I was a clueless 2nd grader the first time I entered my current home. Life was simpler then, the warm summer breeze in my hair as I climbed the concrete steps and opened the large wooden door with a little stained glass window, An action I would repeat thousands of times in the following years. A brand new empty home has nothing in it, no memories or pictures on the walls, no evidence of life existing within its bare stricken walls, It’s a blank canvas waiting to be filled with color, and life. My house is home to many plants that strive for light through the gaping holes we call windows. My hose is home to the towering pile of shoes that take my family where they need to go before retiring back to their spot next to the door. My house is home to all the books that have shaped generations of humans into who they are. My house is home to all the framed photos that have captured just a snapshot of a memory that could have otherwise been forgotten. My house is home to all the people who have lived here before me, all the lives that at one point in time existed within the same walls, who walked the same path to the bathroom just like I do now.
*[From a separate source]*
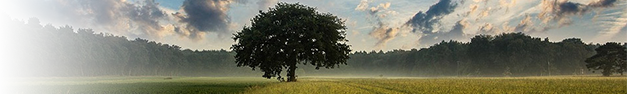 Tree-Cloudy-345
The hunt for a new home began when my family started to outgrow our two-bedroom one-bath house perched like a bird’s nest on the top of Bigelow hill. It overlooked a huge park with a natural spring, as a little kid I took this perfect habitat for granted. We toured mansions on the eastside with roundabout driveways and floor-to-ceiling windows, we looked at little brick homes with vintage rose wallpaper in all the upstairs bedrooms. Packing up our old house was a difficult task, having to decide what things we would keep and which we would donate, letting things go can be really hard. As a kid accepting that things would be so drastically different was unyielding. In the end, we landed just a few blocks south of the capital campus in our grey home built in 1911 tucked into the historical district. It met all the needs we were looking for, with beautiful original wood flooring throughout the house and stairs that sweep upwards right as you enter the foyer, a wood-burning fireplace in the living room, and plenty of space to house our maturing family.
My grandma moved 13 times before the age of twenty, she has lived in the mountains of Ethiopia and the suburbs of Everett Washington where she raised my mom at one point she was even our next-door neighbor, It doesn’t matter where she lives we will always love her the same it’s not really about the home at all but the delicate structure of family that lives within it. A house becomes a home the second you start existing within it.